Regardless of the tree at which I may bark, the telecoms could have built new infrastructure, too...
Why haven't they?
The whole point that you apparently missed here is that the fact that Comcast and other telecoms have recently been caught engaging in deceptive practices proves they cannot be trusted to be the "gatekeepers" of the Internet.
Of course it is in the best business interest of BitTorrent to seek an agreement with Comcast and it is in the best public relations interest of Comcast to do the same...
Woof, woof...
Posted by: Christian McCarty | March 29, 2008 at 05:41 PM
Actually, the reason our Asian friends have surpassed us in Internet technology is because they've been building the infrastructure new, while our infrastructure tends to piggyback off of older technologies like telephone wires and cable. Any monopoly the telecoms enjoy has come strictly from government sponsorship. You're barking up the wrong tree, McCarty.
Posted by: Ben | March 28, 2008 at 09:47 PM
I don't know what US city you're living in where there is "intense competition" among cable and Internet providers, but in all the cities I've been in, if you want broadband Internet access you have five widely divergent choices (and, really, only 2 choices if you want the fastest connection).

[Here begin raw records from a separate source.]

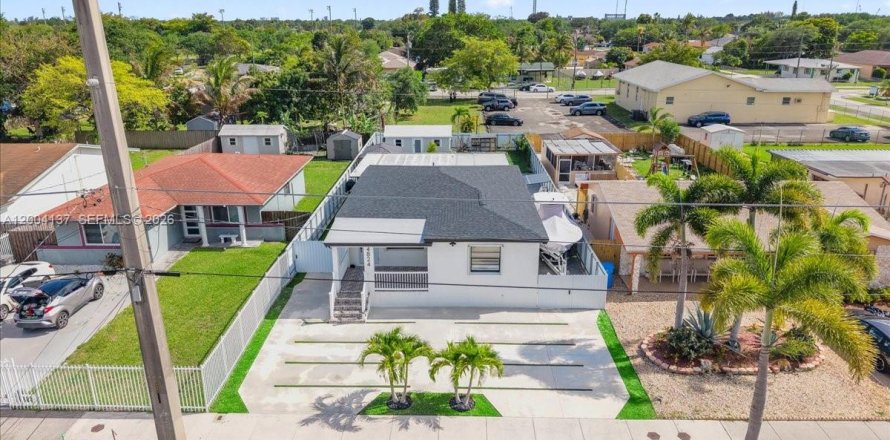 House in West Park, Florida 3 bedrooms, 125.88 sq.m. № 2068551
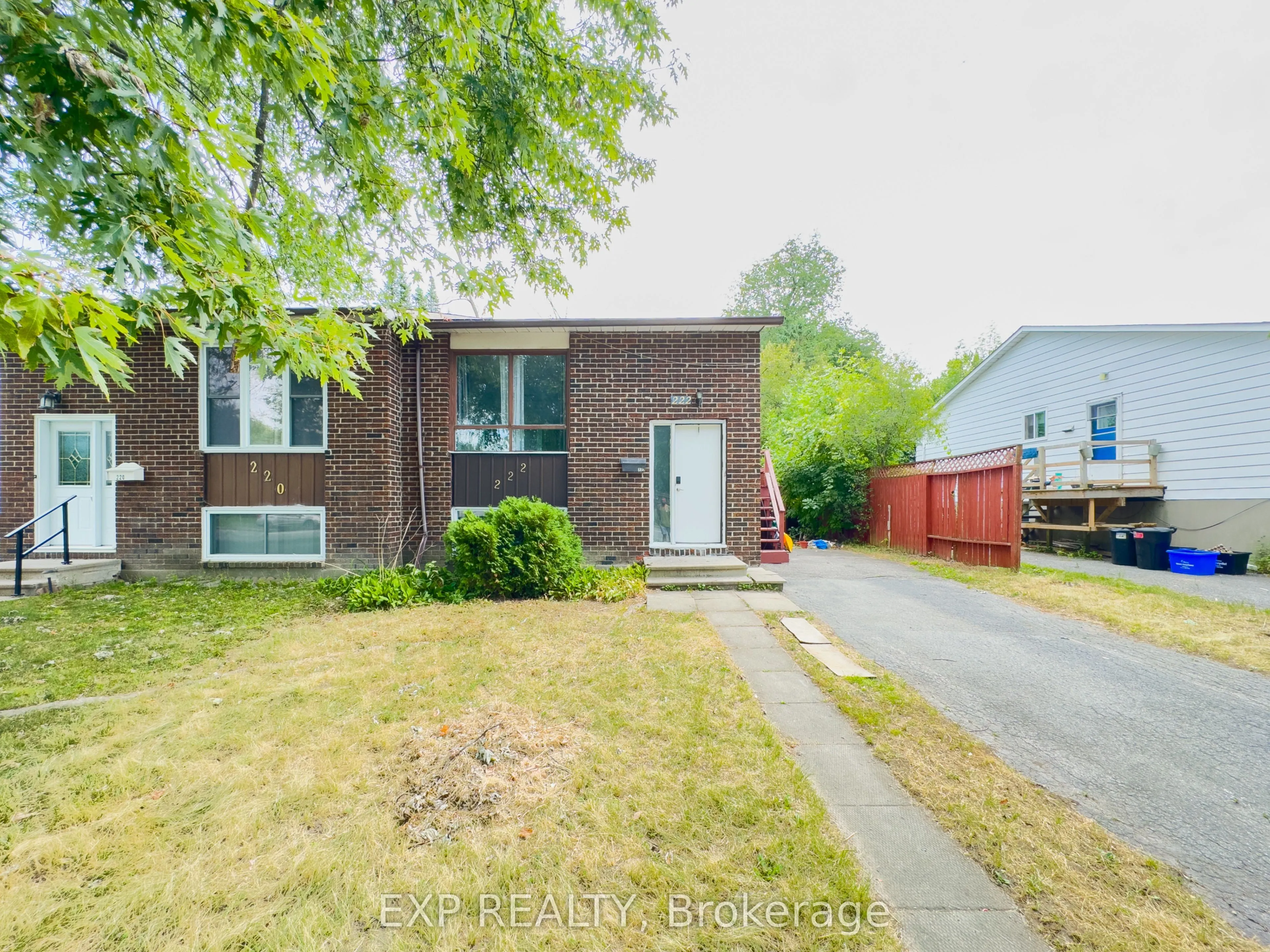 222 Castlefrank Road, #Upper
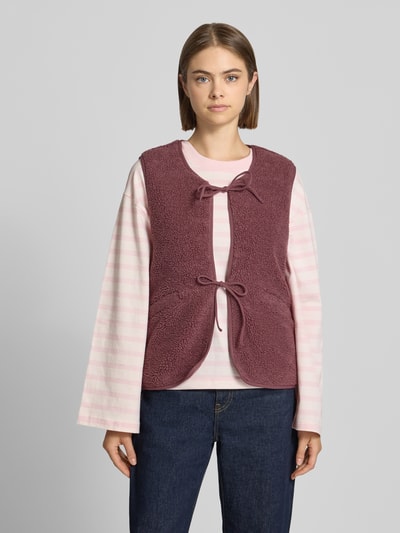 Frauenmodel trägt Regular Fit Weste mit Schnürung Modell 'BABY' von ONLY in Dunkelrot, strukturierte Oberfläche, Ganzkörperansicht von vorne, Damen Weste von ONLY.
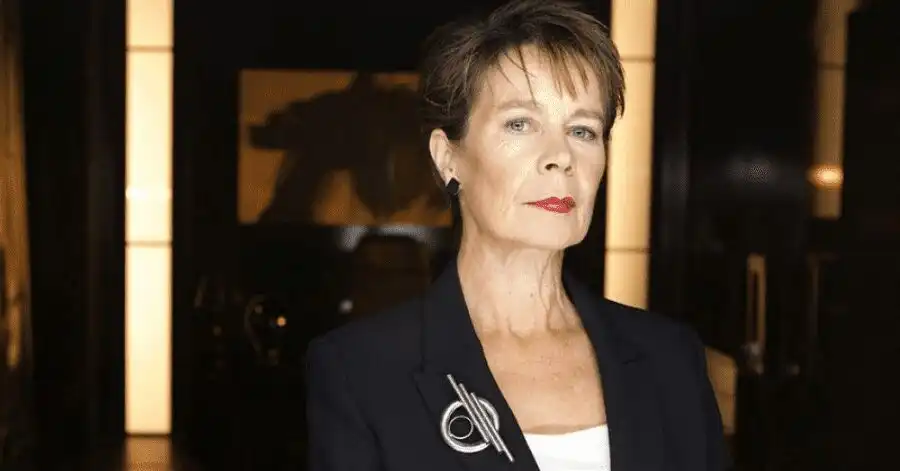 O Clube do Crime das Quintas-Feiras: Elenco e Tudo Sobre 6 celia imrie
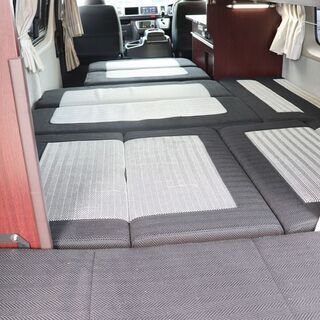 キャンピングカー　H27　レジアスエース　ナッツRV　ラディッシュ　バンコン　車中泊　２段ベッドの画像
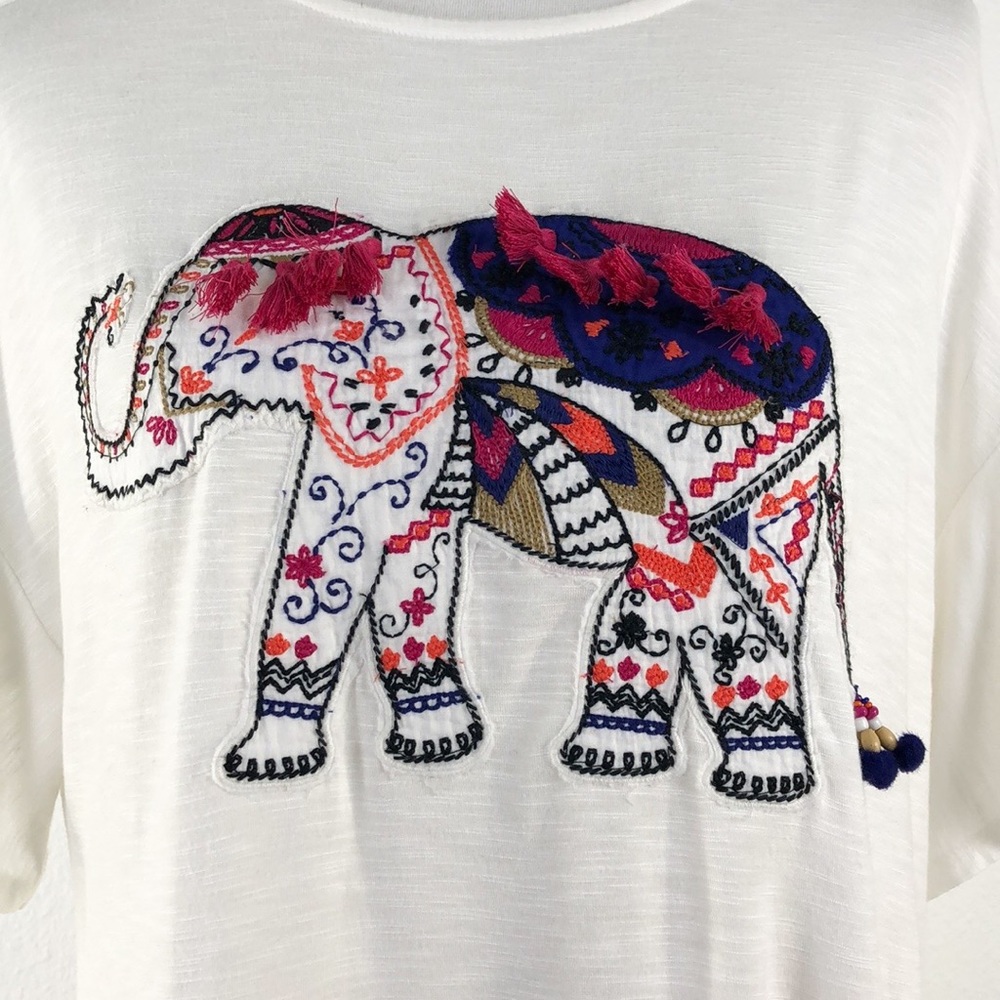Ruby Rd. White Embroidered Elephant Flutter Sleeve - image 2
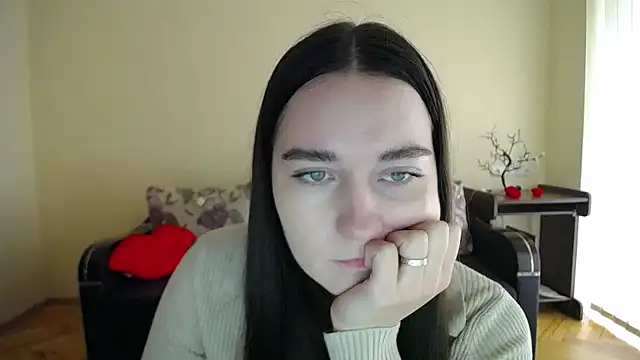 Pretty shy online show from October 3, 2025, 8:00 am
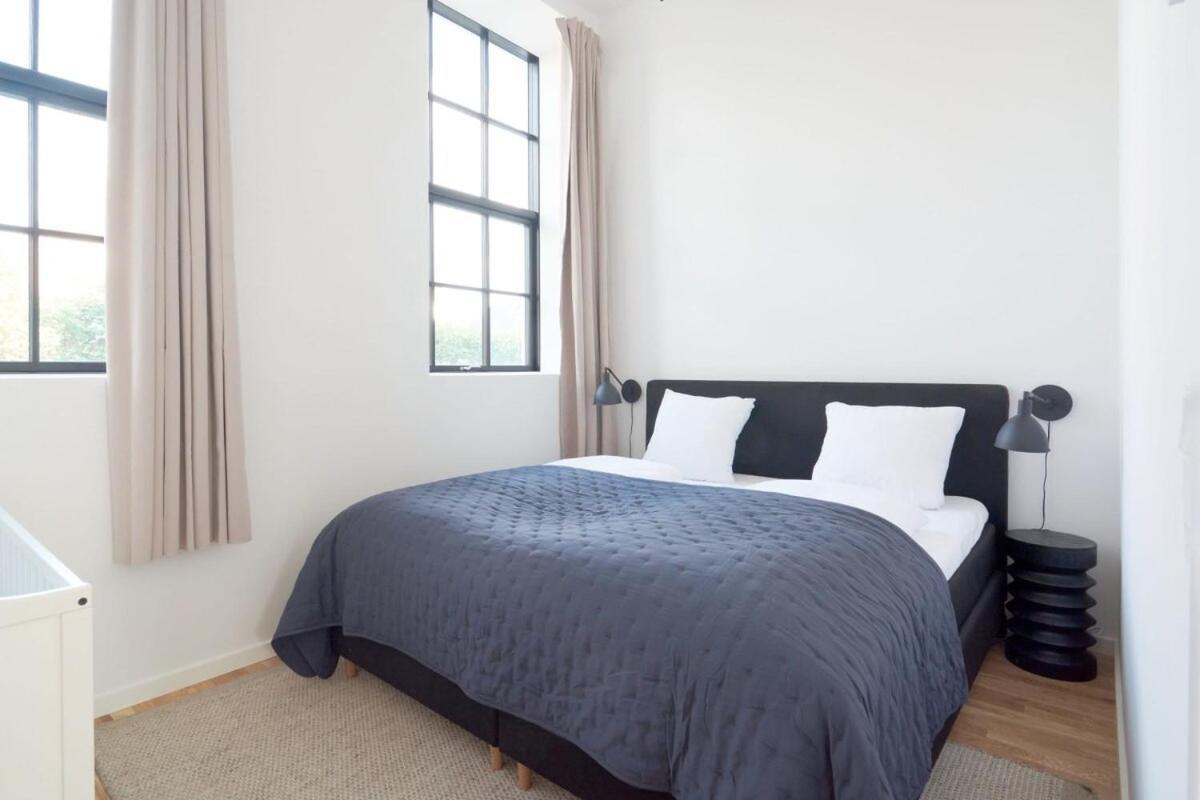Cozy And Bright With Private Car Park Apartment *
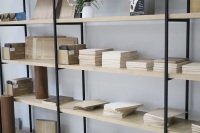 Porte intérieure en bois d'ingénierie OEM, panneau en MDF, placage hickory, porte à feuille plate
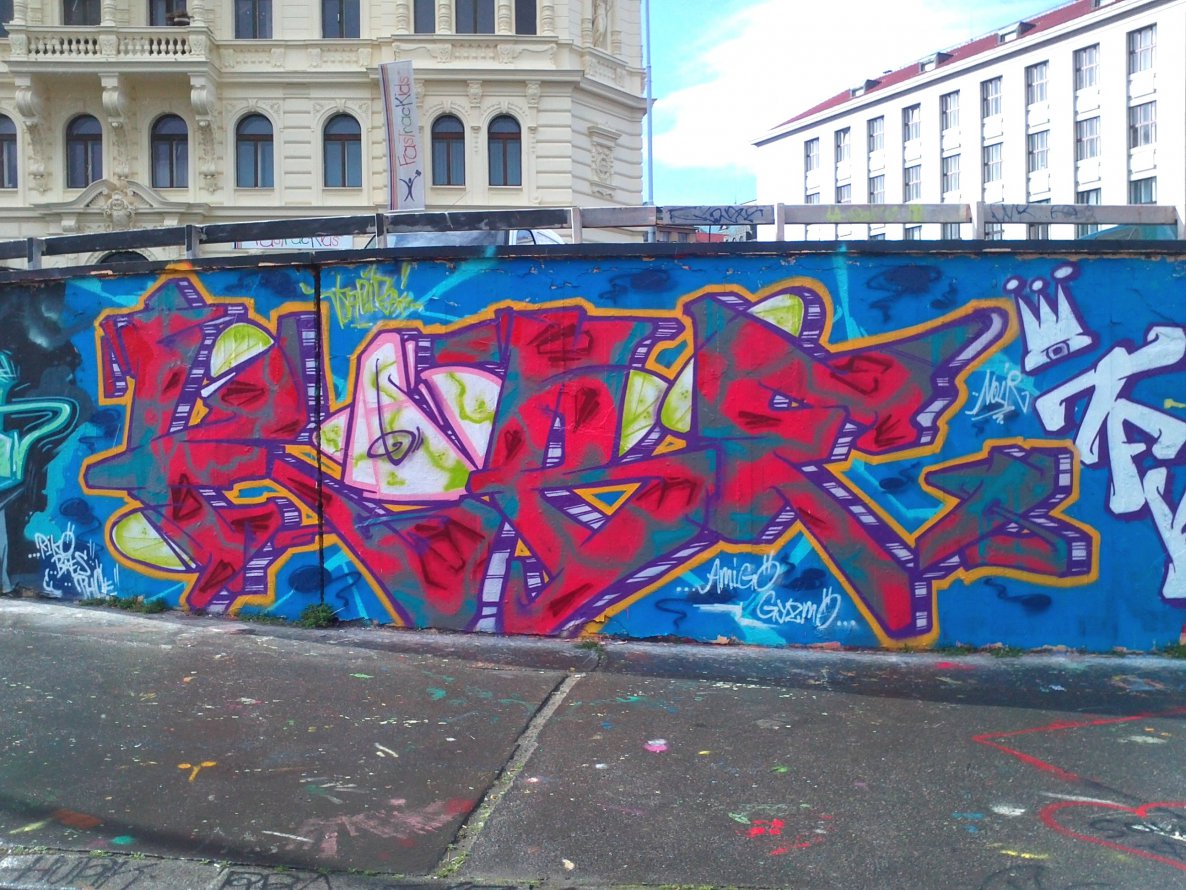 Graffiti Wall in Prague - Photo by Exist333 - Kobe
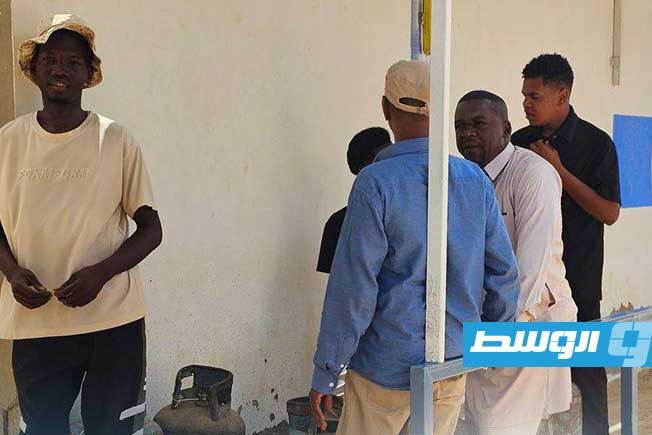داخل نقطة تعبئة غاز الطهي في غات (شركة البريقة لتسويق النفط)
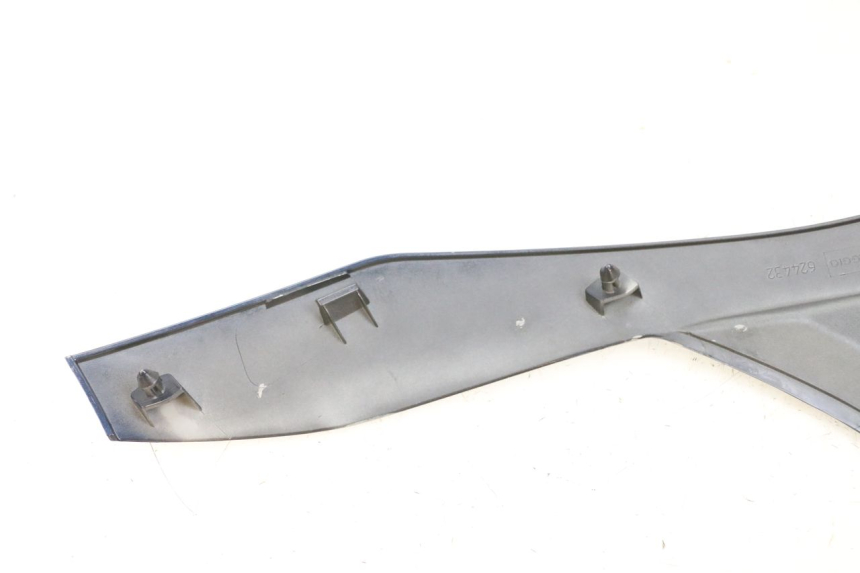 photo de CARENADO FRONTAL SUPERIOR PIAGGIO MP3 RL 250 (2007 - 2010) - Otra perspectiva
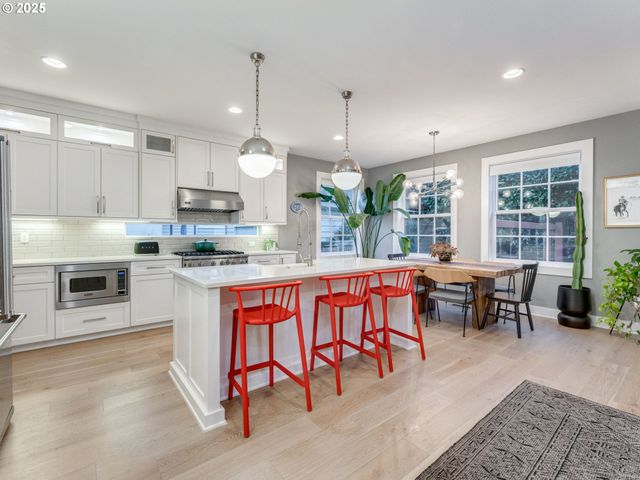 2416 Ne REGENTS Dr, Portland, OR 97212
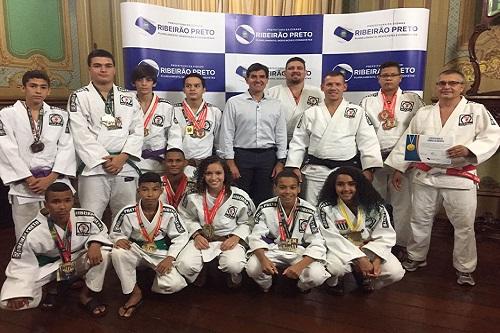 Honraria foi concedida pelo desempenho na Fase Regional do Campeonato Paulista / Foto: Martinez Comunicação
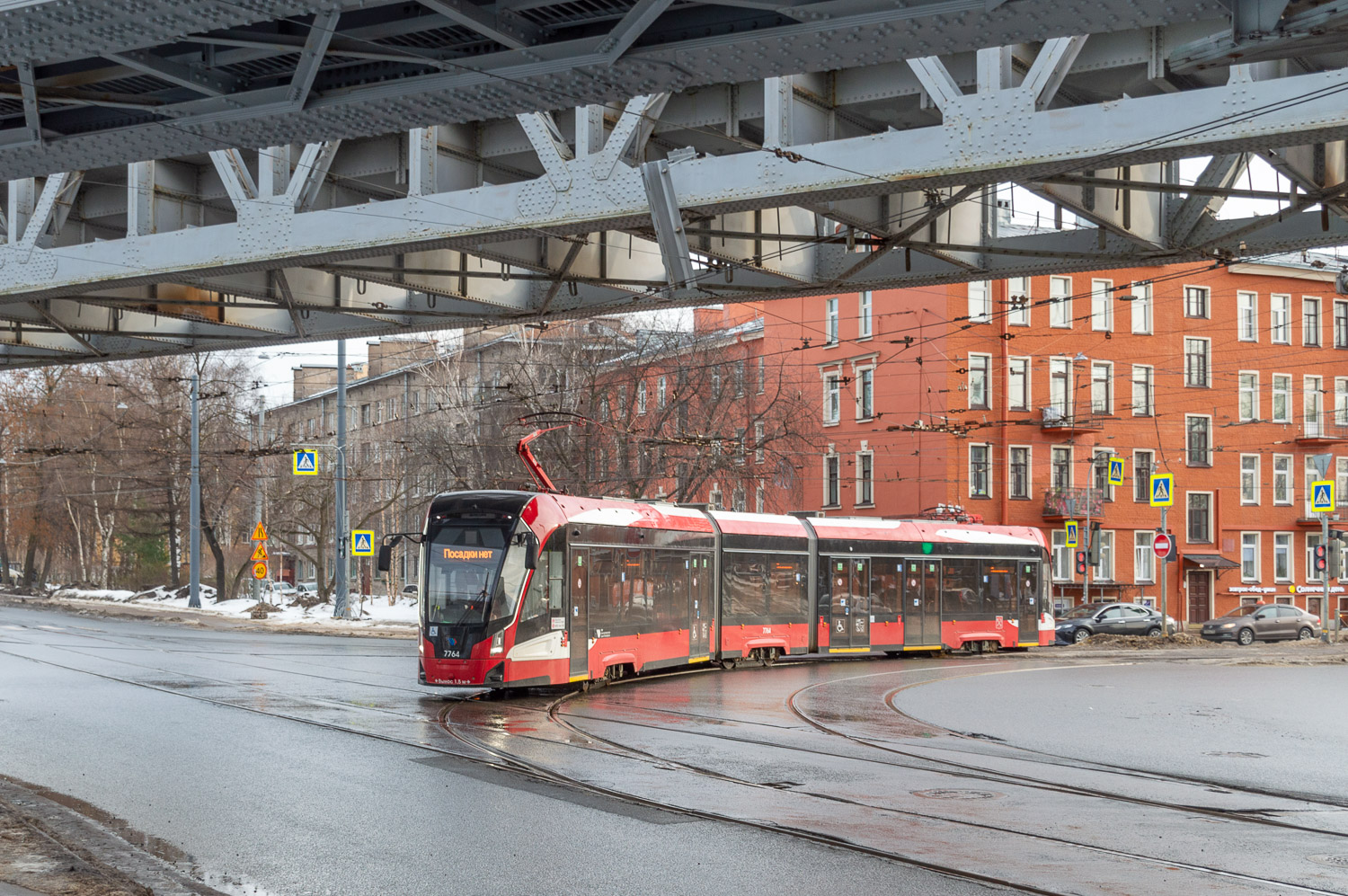 Sankt Peterburgas, 71-932 “Nevskiy” nr. 7764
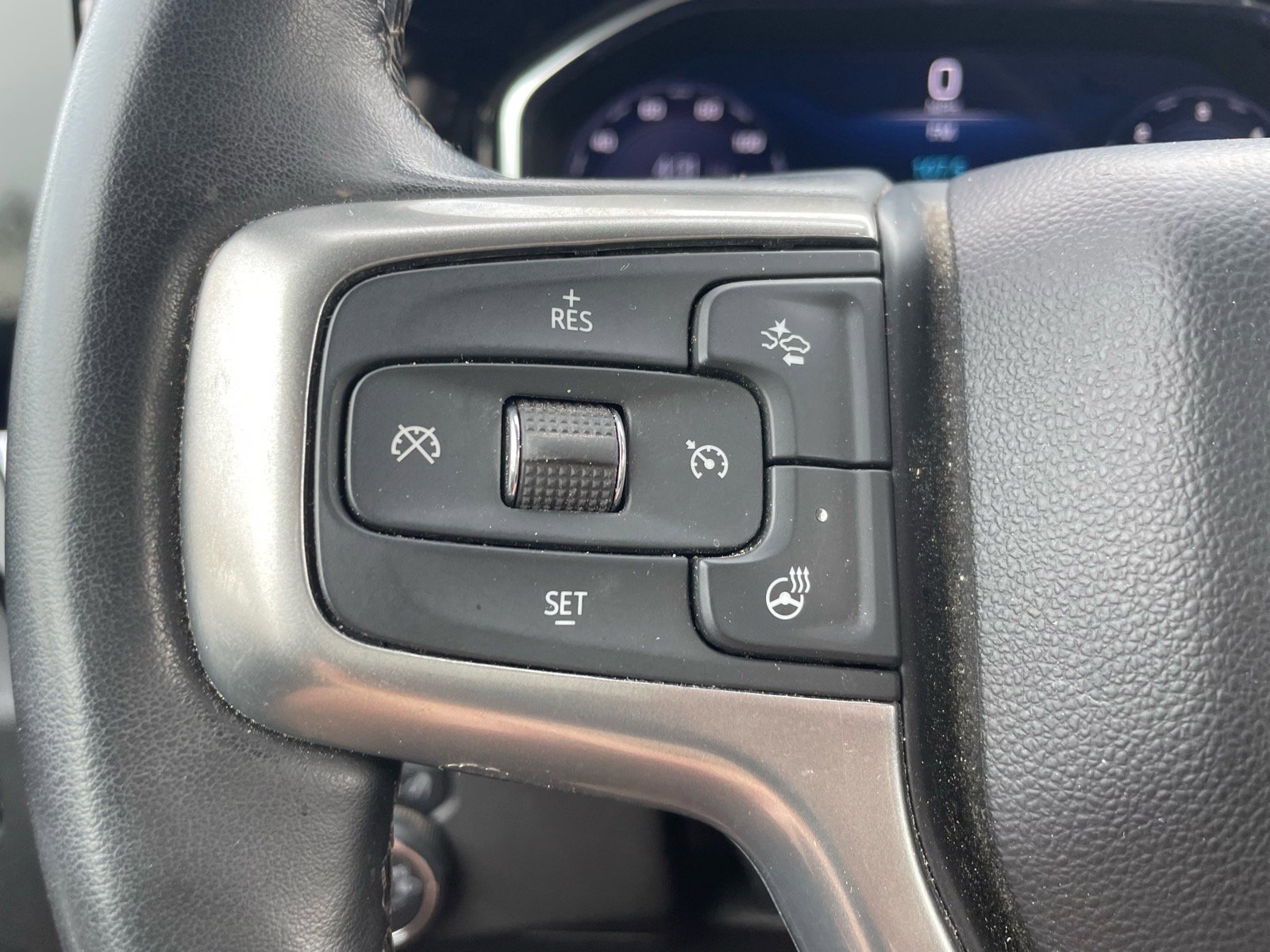 Used 2024 Chevrolet Silverado 2500 LTZ w/ LTZ Convenience Package AWD/4WD image 18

1. Cable modem - the fastest, most common consumer type of connection, of which Comcast pretty much has a monopoly.
2. DSL modem - not nearly as fast as the cable modems and pretty much limited to the local phone company (or, maybe some private companies that lease the phone company lines)
3. Satellite - pretty much only DirecPC (Hughes) has this service. It's not very fast and you have to have southern exposure to use it. A few other companies lease space on the Hughes satellite.
4. Wireless broadband - getting better, but not nearly as fast or reliable as the Cable or DSL alternatives. Mostly available from cell phone providers.
5. Business-class T1, T3, etc. - Generally not available to consumers and quite a bit more expensive.
While our Asian friends have continued to surpass us with their Internet technology, here in the US a few big companies have consolidated their stranglehold on Internet access in order to maximize profits at the expense of innovation and network upgrades...
Unfortunately, the big corporations in this country are only concerned with short-term profits...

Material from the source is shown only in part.